Only the tail of the listing is wanted: the line containing "Nlzgmsj 2022 Spring" and all after it, repeated exactly, pictures omitted.

• • •

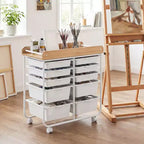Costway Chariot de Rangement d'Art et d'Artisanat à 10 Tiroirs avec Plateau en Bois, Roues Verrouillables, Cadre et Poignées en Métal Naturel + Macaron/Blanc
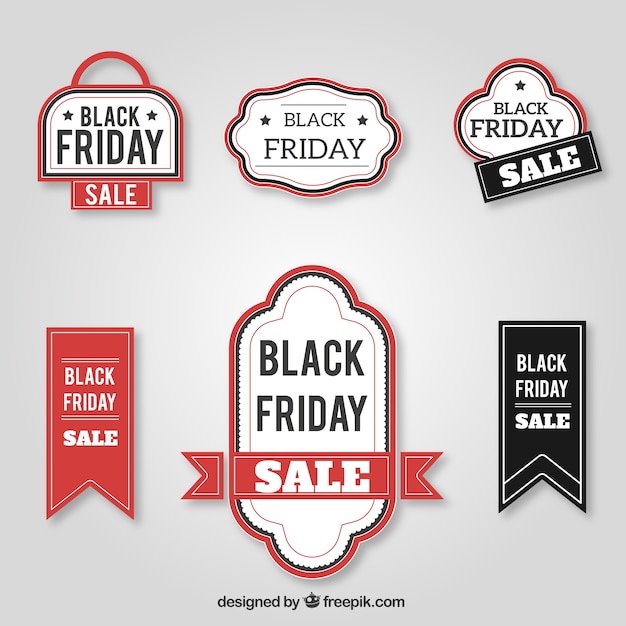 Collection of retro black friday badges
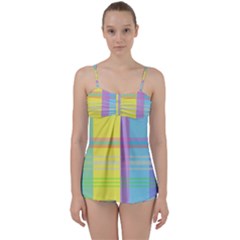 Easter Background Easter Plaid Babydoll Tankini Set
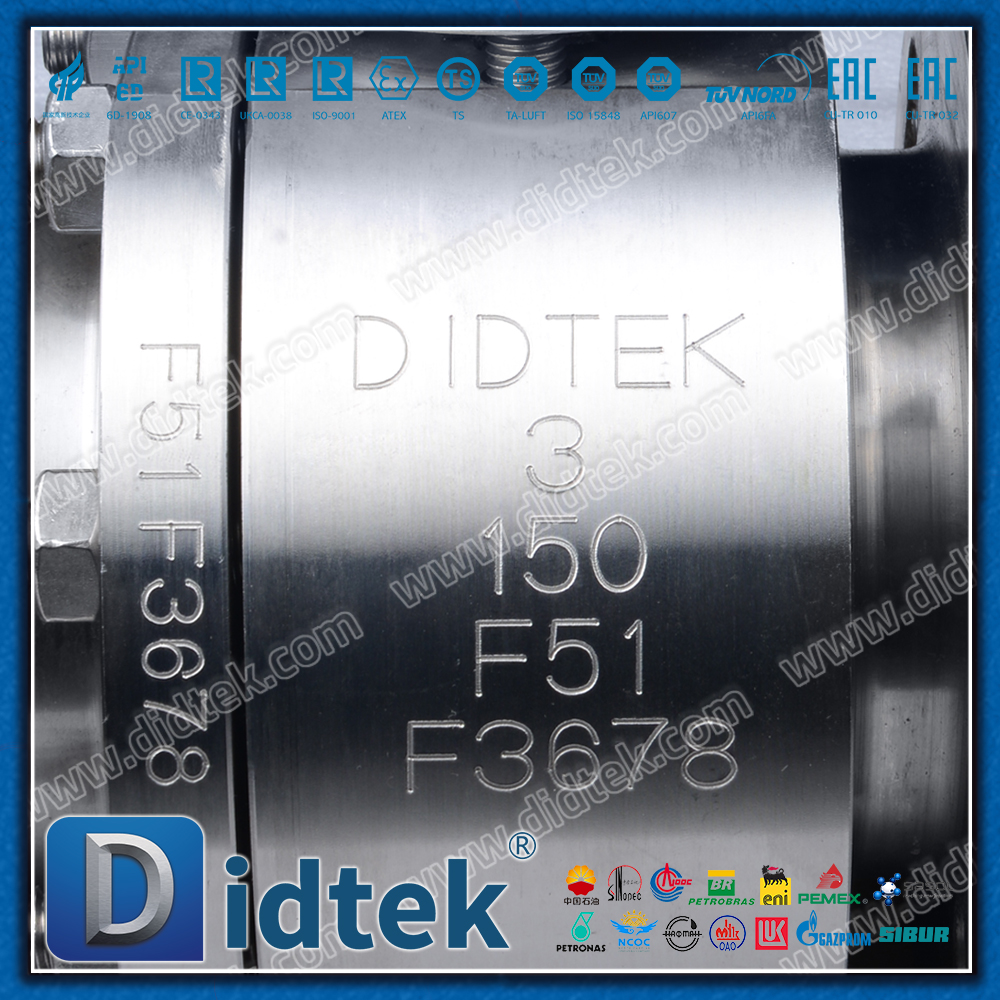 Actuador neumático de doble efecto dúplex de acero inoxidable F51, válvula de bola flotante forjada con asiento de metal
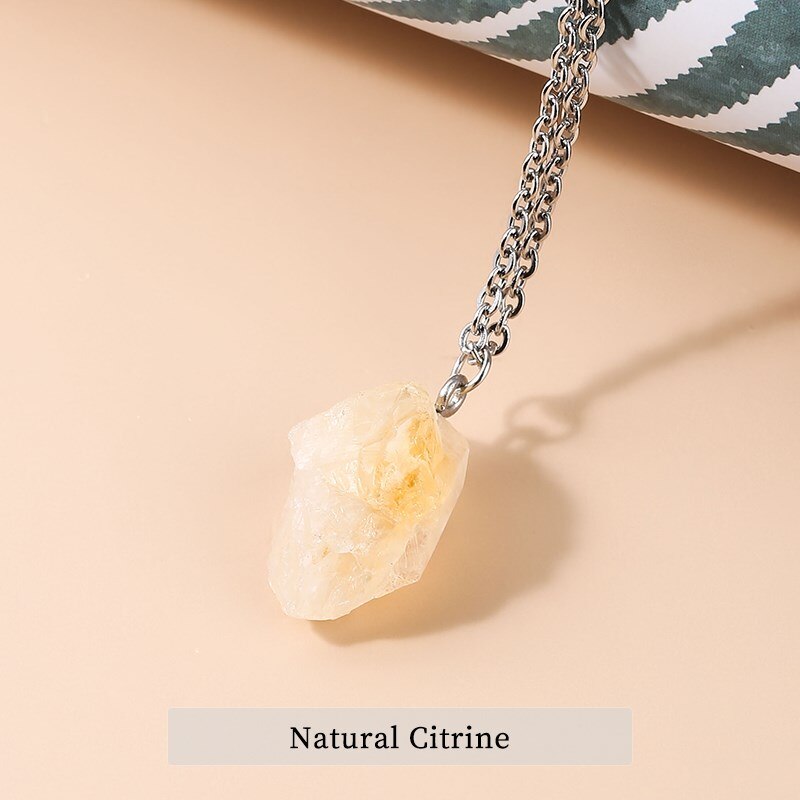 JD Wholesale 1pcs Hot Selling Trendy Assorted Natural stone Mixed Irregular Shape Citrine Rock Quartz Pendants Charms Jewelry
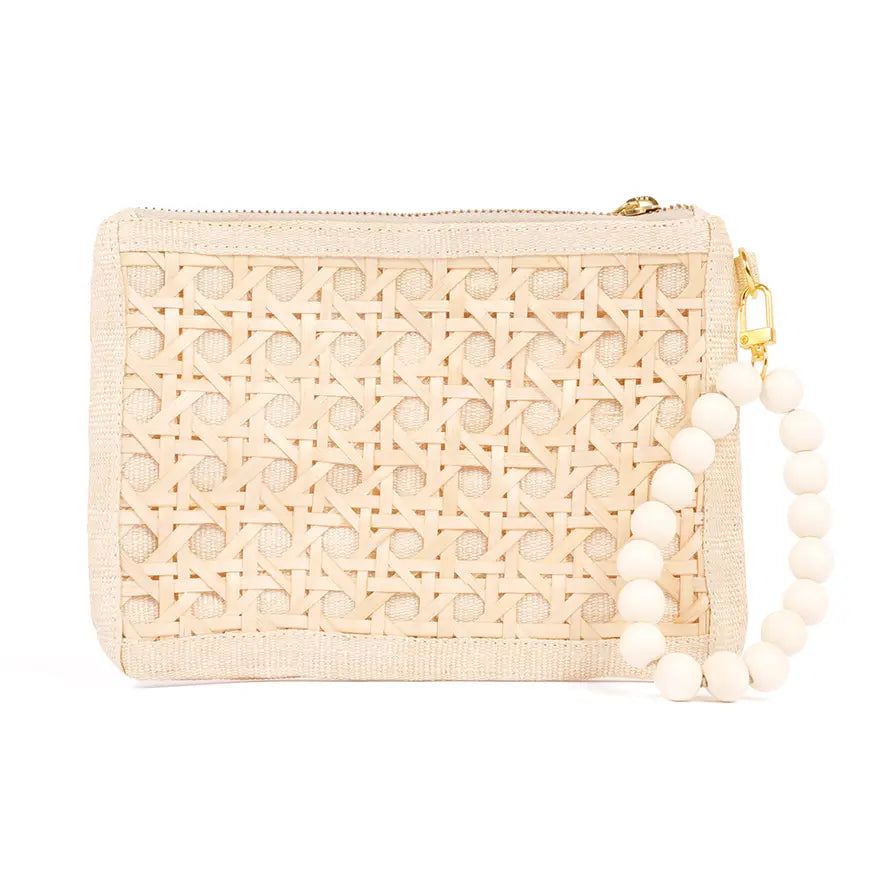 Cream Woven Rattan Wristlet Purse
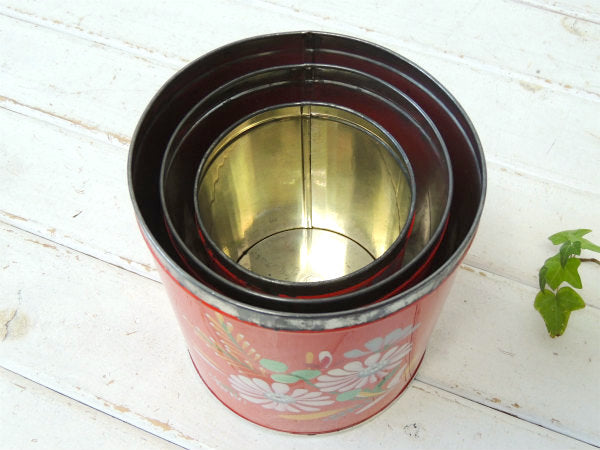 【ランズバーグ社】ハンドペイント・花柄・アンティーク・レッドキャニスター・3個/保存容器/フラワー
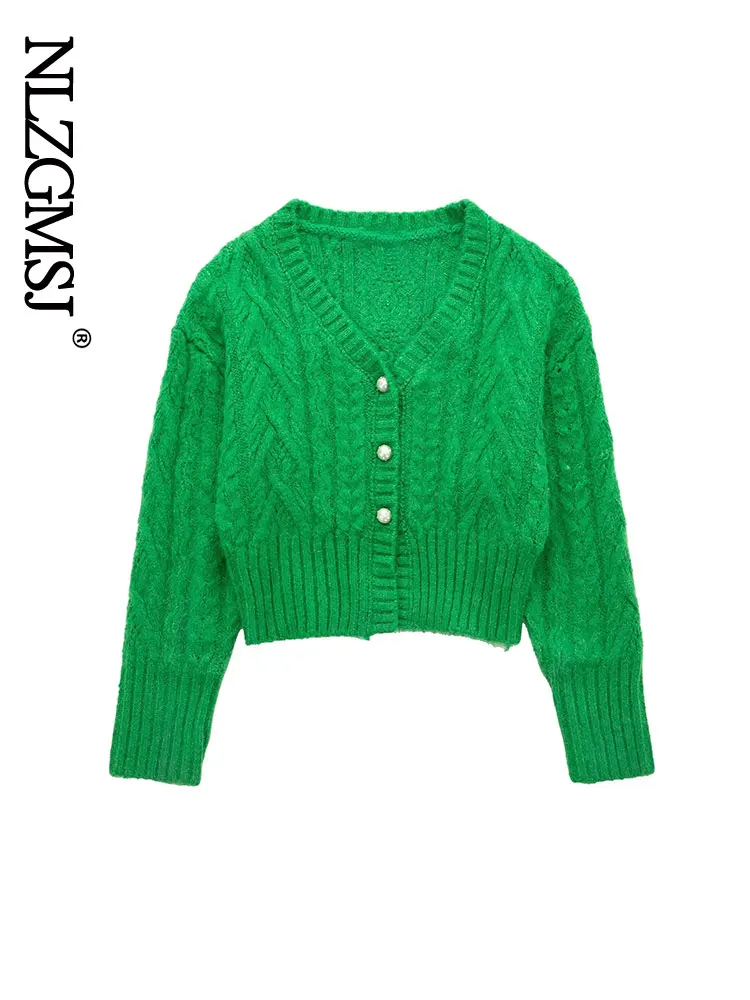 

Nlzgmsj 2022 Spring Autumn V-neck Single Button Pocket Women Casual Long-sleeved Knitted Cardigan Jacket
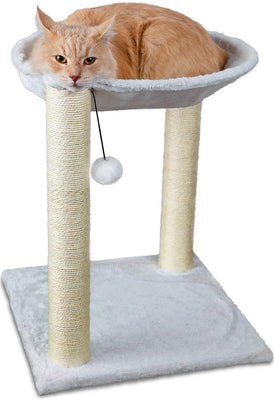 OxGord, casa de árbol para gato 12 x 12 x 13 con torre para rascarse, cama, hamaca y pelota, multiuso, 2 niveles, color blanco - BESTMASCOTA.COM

• • •

**RESPONSE**
Nlzgmsj 2022 Spring Autumn V-neck Single Button Pocket Women Casual Long-sleeved Knitted Cardigan Jacket
 OxGord, casa de árbol para gato 12 x 12 x 13 con torre para rascarse, cama, hamaca y pelota, multiuso, 2 niveles, color blanco - BESTMASCOTA.COM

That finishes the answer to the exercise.